* _Work request_: Give again, word for word, each line below starting at the one that contains "(10 جفت) جوراب" and ending at the one that contains "Denim Star Applique Embroidery Hoodie".
(Information)
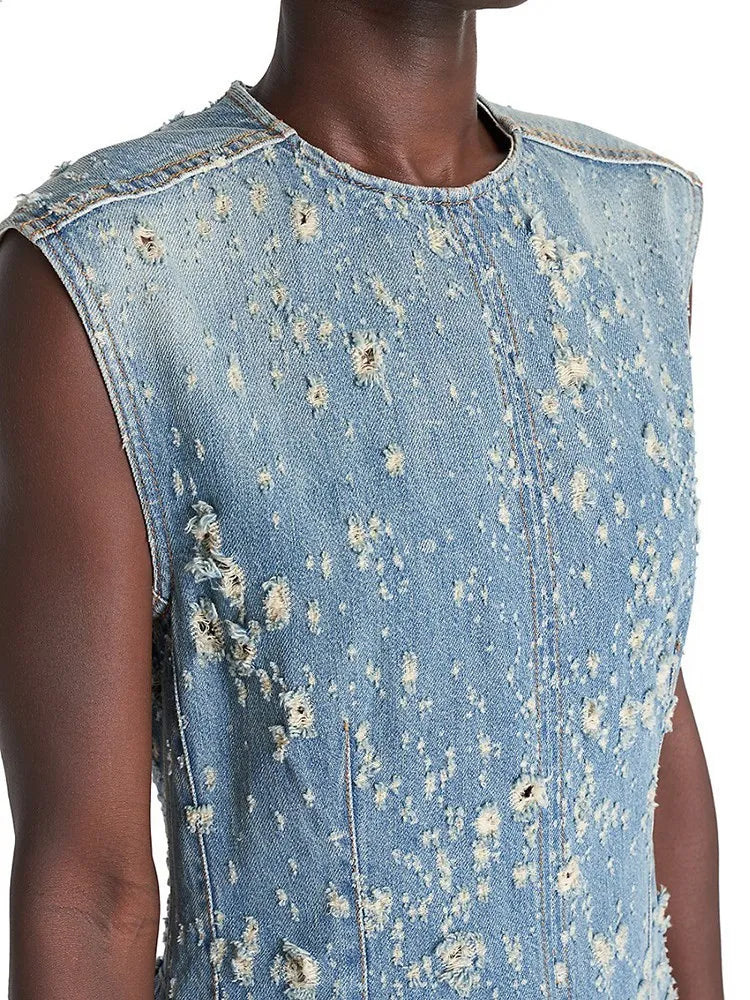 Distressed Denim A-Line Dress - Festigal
(End Information)
(Information)
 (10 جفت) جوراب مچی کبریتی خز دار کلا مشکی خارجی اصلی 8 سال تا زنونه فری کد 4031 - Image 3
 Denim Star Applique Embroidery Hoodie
(End Information)
* _Written solution_:
 (10 جفت) جوراب مچی کبریتی خز دار کلا مشکی خارجی اصلی 8 سال تا زنونه فری کد 4031 - Image 3
 Denim Star Applique Embroidery Hoodie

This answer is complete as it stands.